**ASSIGNMENT**
Retype exactly what appears below from the line containing "Đại diện các" down to the line containing "Subprefectul de Călărași", keeping both end lines. Do not include pictures.

++++ GIVEN RECORDS ++++

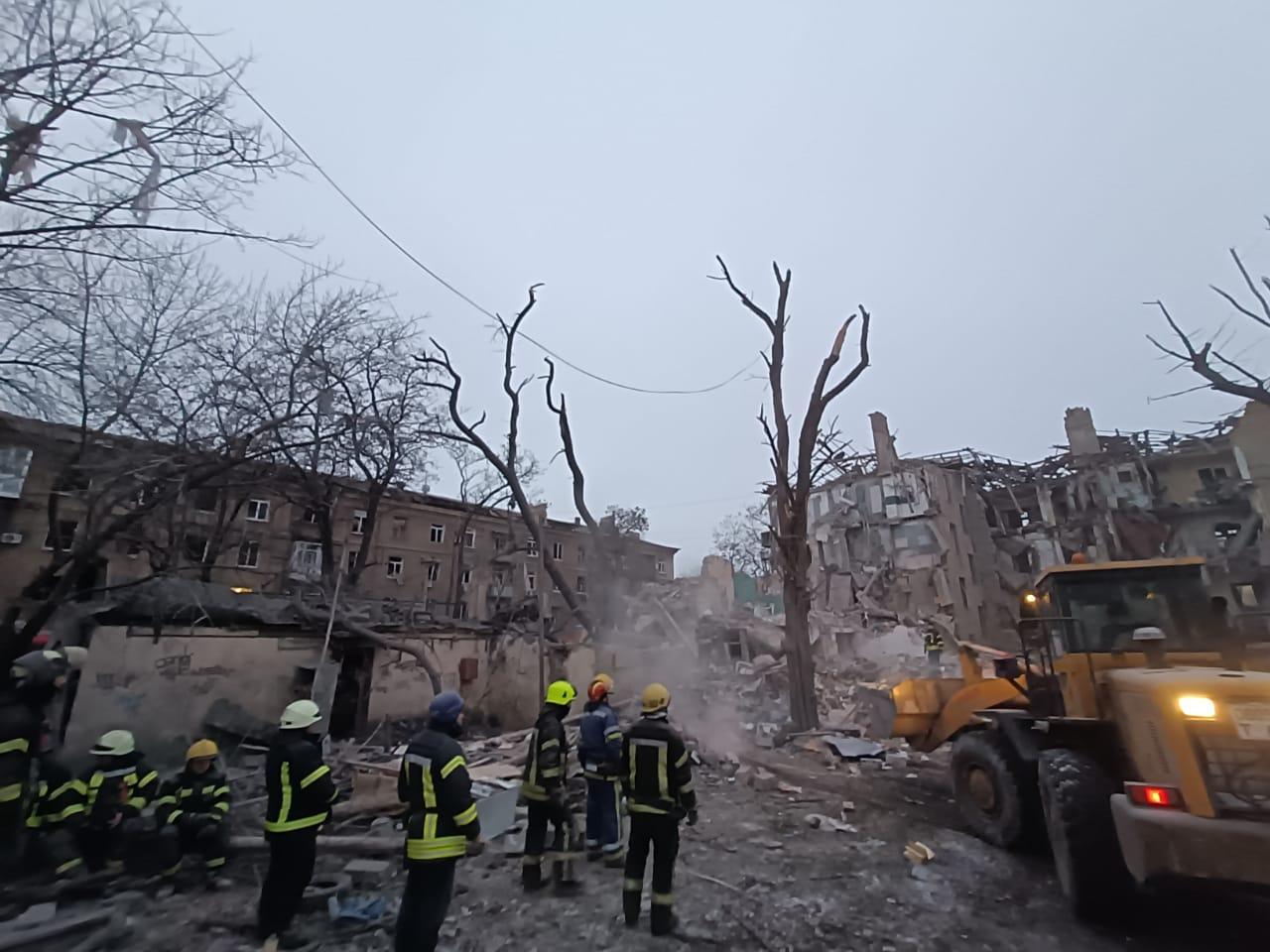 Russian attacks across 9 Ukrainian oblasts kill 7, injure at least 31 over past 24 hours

++++
++++ GIVEN RECORDS ++++

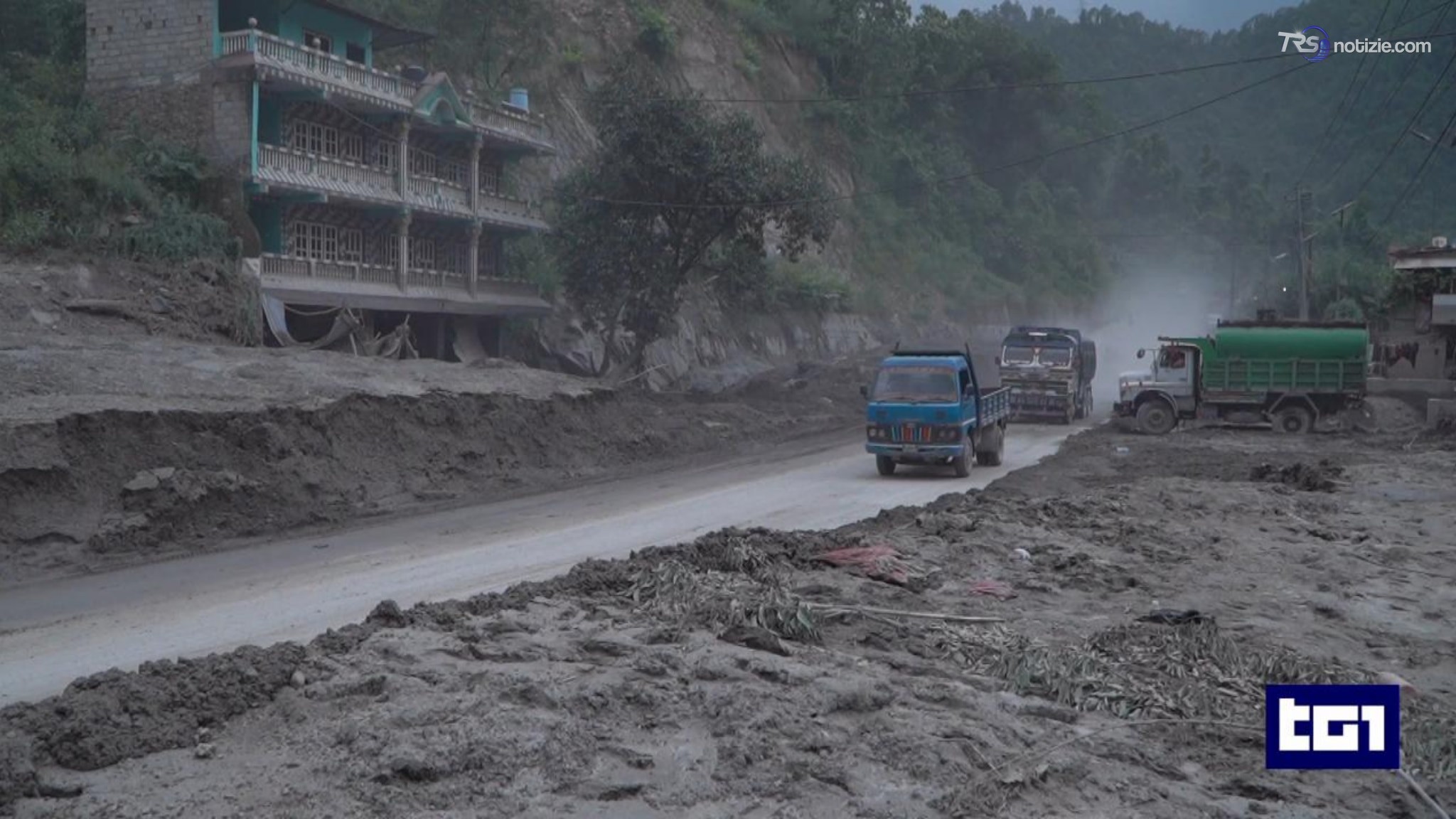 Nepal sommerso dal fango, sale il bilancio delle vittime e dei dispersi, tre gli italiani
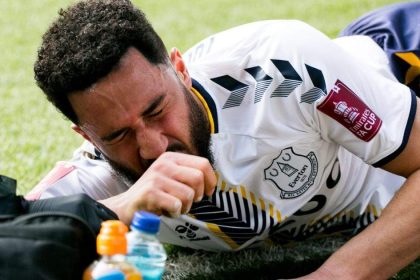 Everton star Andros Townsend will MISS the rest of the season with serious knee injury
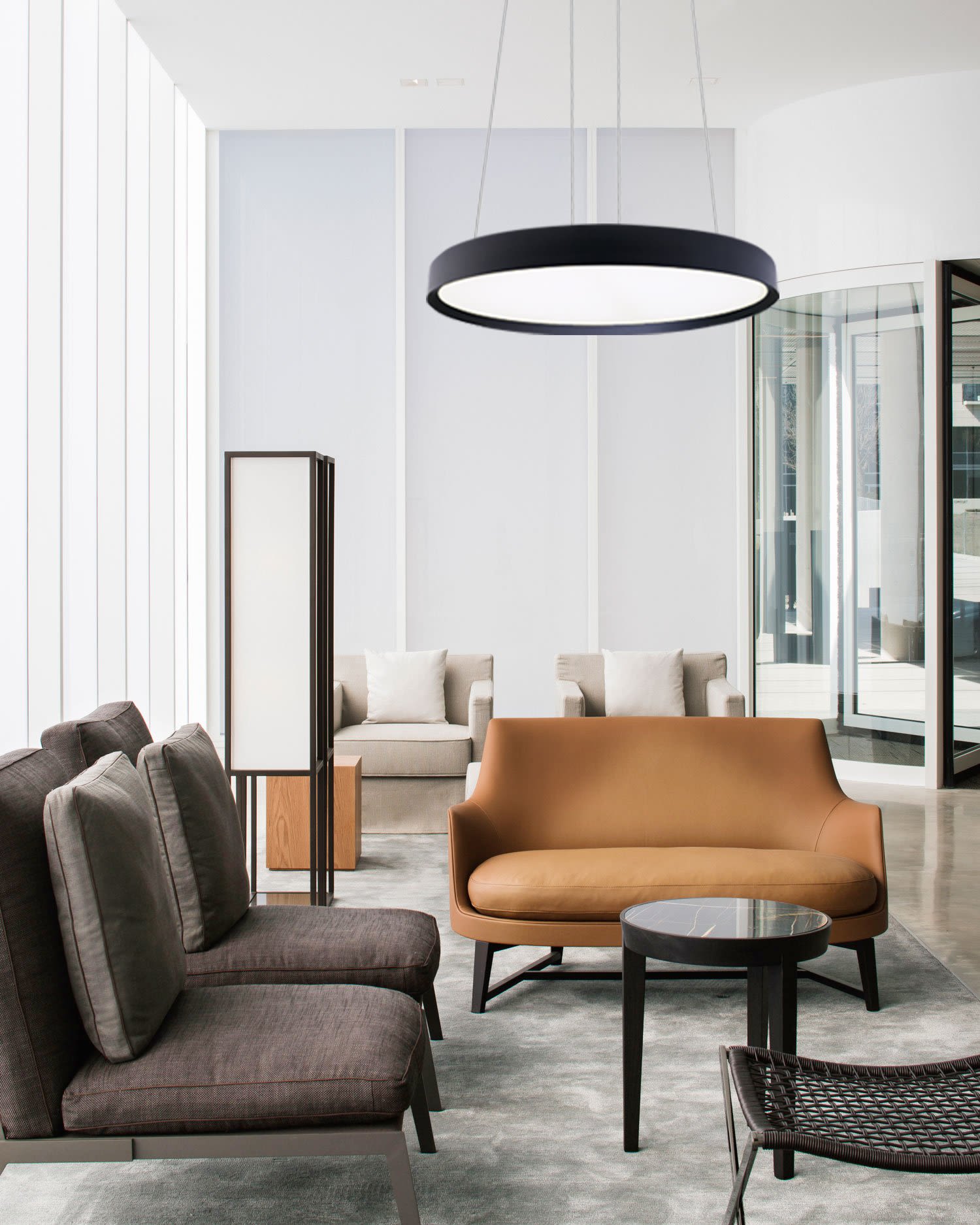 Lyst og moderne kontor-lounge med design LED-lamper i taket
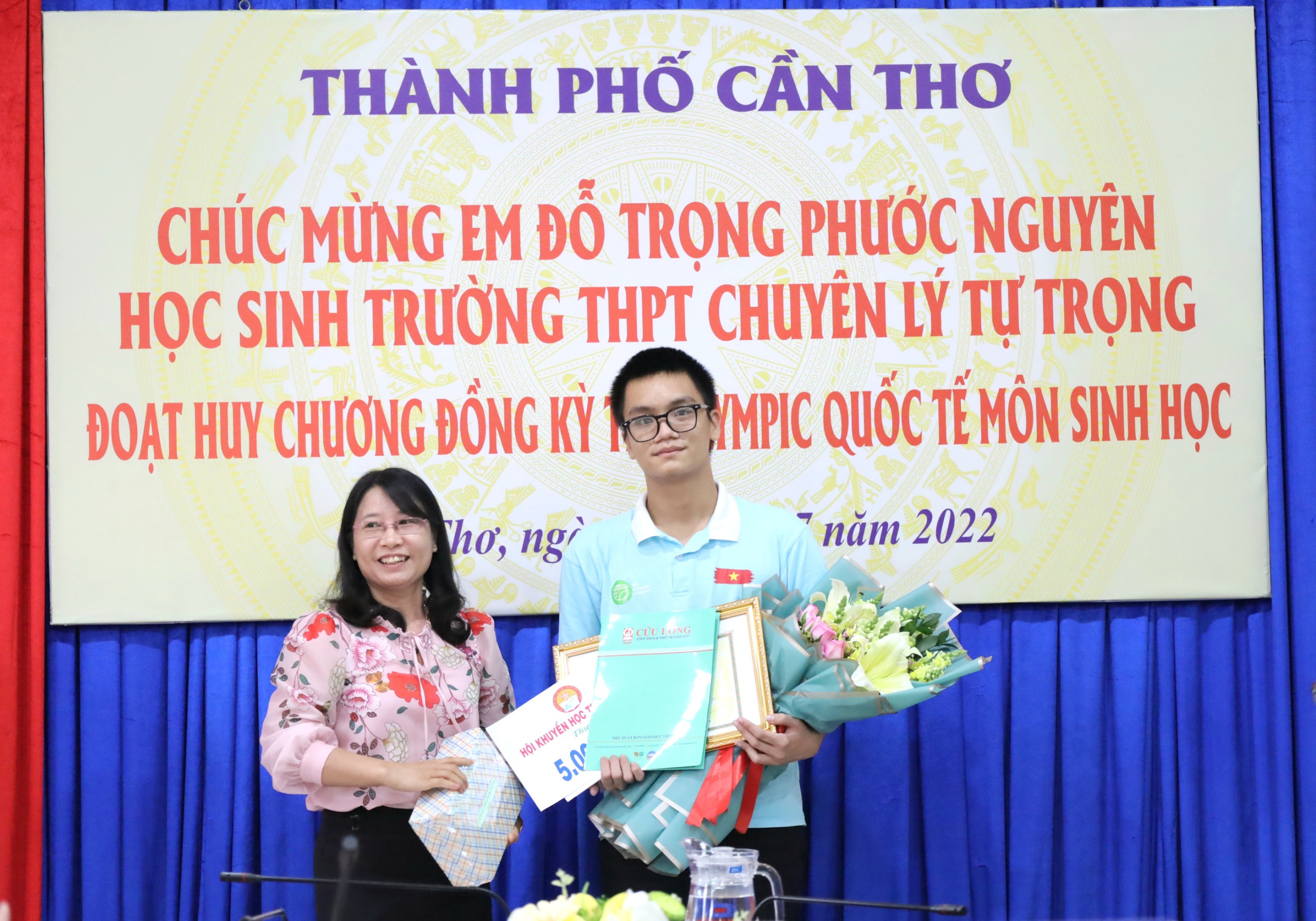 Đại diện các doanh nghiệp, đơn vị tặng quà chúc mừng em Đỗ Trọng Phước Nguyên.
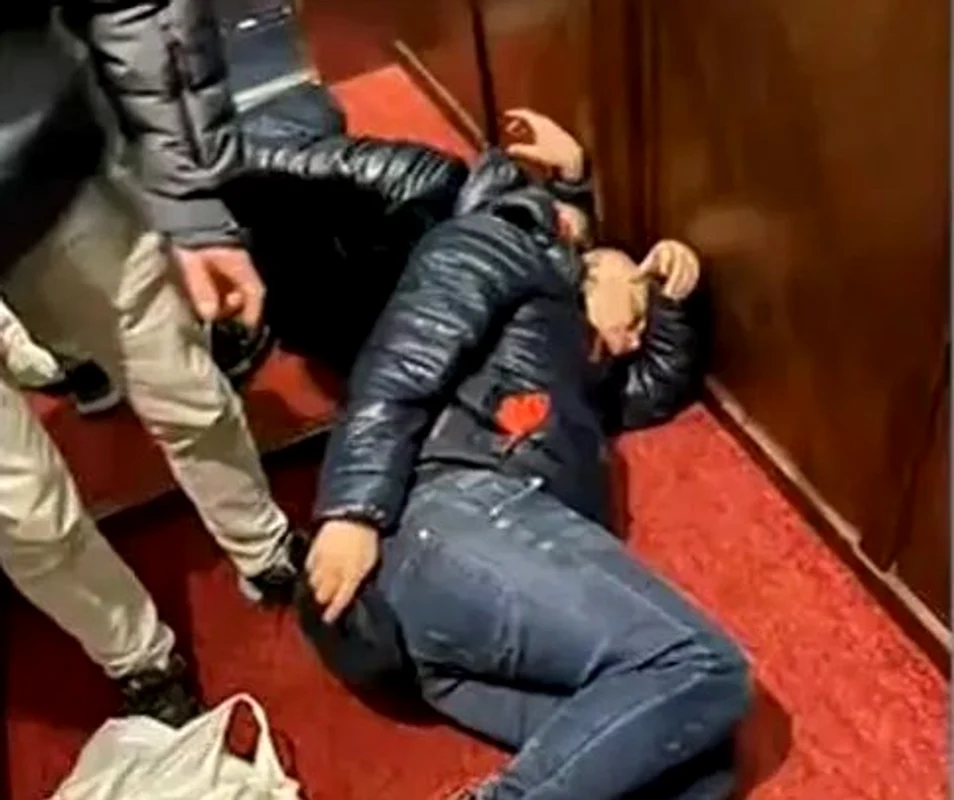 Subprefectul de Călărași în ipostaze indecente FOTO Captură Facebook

++++

**ANSWER SPACE**
 Đại diện các doanh nghiệp, đơn vị tặng quà chúc mừng em Đỗ Trọng Phước Nguyên.
 Subprefectul de Călărași în ipostaze indecente FOTO Captură Facebook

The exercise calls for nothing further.